My hobby buddy back in Canada came across the RCMP car about three times...and many more Rebel Chargers. (Sometime between 2003 and 2010 I would say). I had my chance at them but passed as it's hard buying rarities amongst friends - better to let him get top dollar from others. So, not totally rare in my books but "rare" compared to most other AFX cars out there. I think the blue/white stripe Cuda is more rare than the RCMP. Both are equally stunning in presentation though. Happy hunting!


----------



## super8man (Jan 29, 2013)

No sooner I comment on the Dukes car and one falls into my lap.

The good side...









The not so good side:









Make for a great driver/runner...I may cobble some repair job on there one day. Give it the 70s primer repair look!


----------



## sethndaddy (Dec 4, 2004)

Time to do another book BoB, and while your at it, throw in a chapter for tomy/ new afx, tyco/mattel, and my favorite, resin cars

not to mention, action race shots, guys can look at them for hours


----------



## Joe65SkylarkGS (Feb 15, 2010)

super8man, I know Bill could fix that baby like new. It's what he does lol .
Glad I have a nice one in my collection as well as a slew of the latest ones that came out in the last few years .
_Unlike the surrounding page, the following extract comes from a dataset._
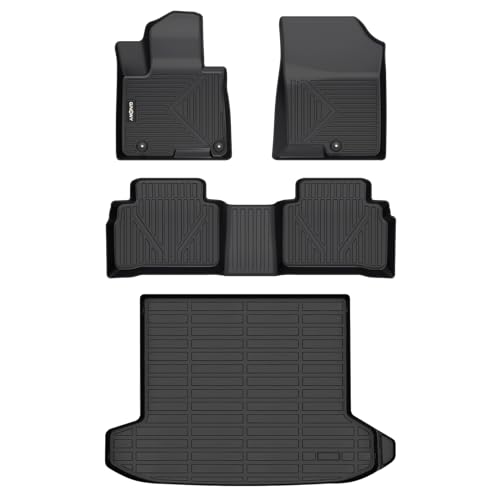 GINOWY-Floor Mats & Cargo Liner for Hyundai Tucson 2022-2025 (Not for Hybrid) TPE All Weather 2024 Tucson Car Mats, Non-Slip Trunk Mat Waterproof Tucson Custom Fit Accessories Mats-Black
Never had and prolly never will have the RCMP car .Way more than I would spend on a slot car!!!!

Unless my buddy Tom finds one in one of the many collections he aquires lol, then I'll get a good deal.


----------



## super8man (Jan 29, 2013)

Yeah, I agree (about the repair). Though I'll probably attack it like teenagers did in the 1980s to 60s muscle cars - with a dremel and bondo and make a mess of the whole thing! LOL. I have to find a donor car to lend a bit of front fender. And yeah, I only get high dollar cars if I can do it through trading, never cash. It's more fun that way.


----------



## Boosted-Z71 (Nov 26, 2007)

Here is a shot of the RCMP AL was talking about, He was gracious enough to furnish the bodies & I did the paint & stickers. He also told me after I sent his to him that I put the siren on wrong as evident in the pictures, I still laugh at that mistake. 
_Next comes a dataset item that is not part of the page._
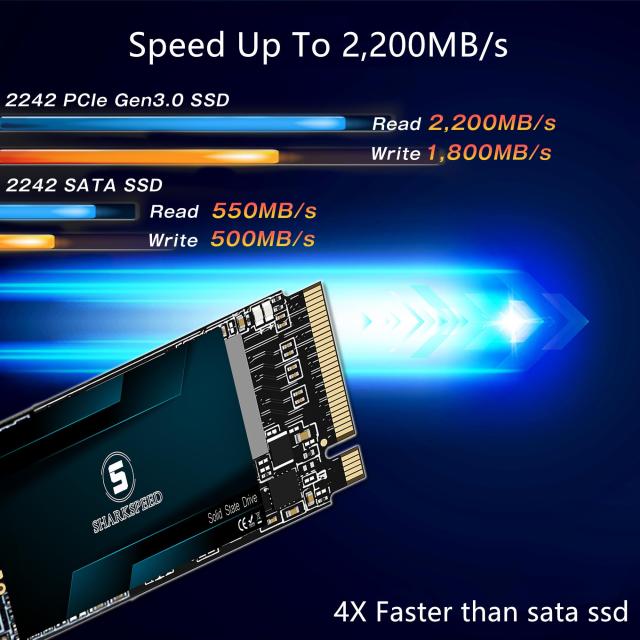 SSD 1TB M.2 2242 NVMe SHARKSPEED PCIe Gen3.0x4 ミニSSD 内蔵型 3D NAND 読み込み最大2,200MB/s_1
While not an original, (I am with you guys on the cost of this car, out of my league) Still a great looking car even in clone status.

Boosted


----------



## vansmack2 (Feb 9, 2012)

I could use one of those clones.


----------



## super8man (Jan 29, 2013)

I like that clone!!!


----------



## swamibob (Jan 20, 2009)

That clone is Bitchin'!!!

Tom


----------



## alpink (Aug 22, 2010)

boosted, thank you ever so much for including me in your grand experiment.
I get frequent offers for that car and wouldn't think of selling it.

I want this to be a good example of folks working together towards a common cause and the rewards that are sometimes given for reaching out.

I have been the beneficiary of many of those posibilities and I am forever gratefull to those who thought of me in that way.

and, to set the record straight, ... boosted merely needed the "siren"(radar gun) to complete his replica and was ever so gracious to offer to do one for me.

the special builds that have come from members of various chat sites are my most cherished.


----------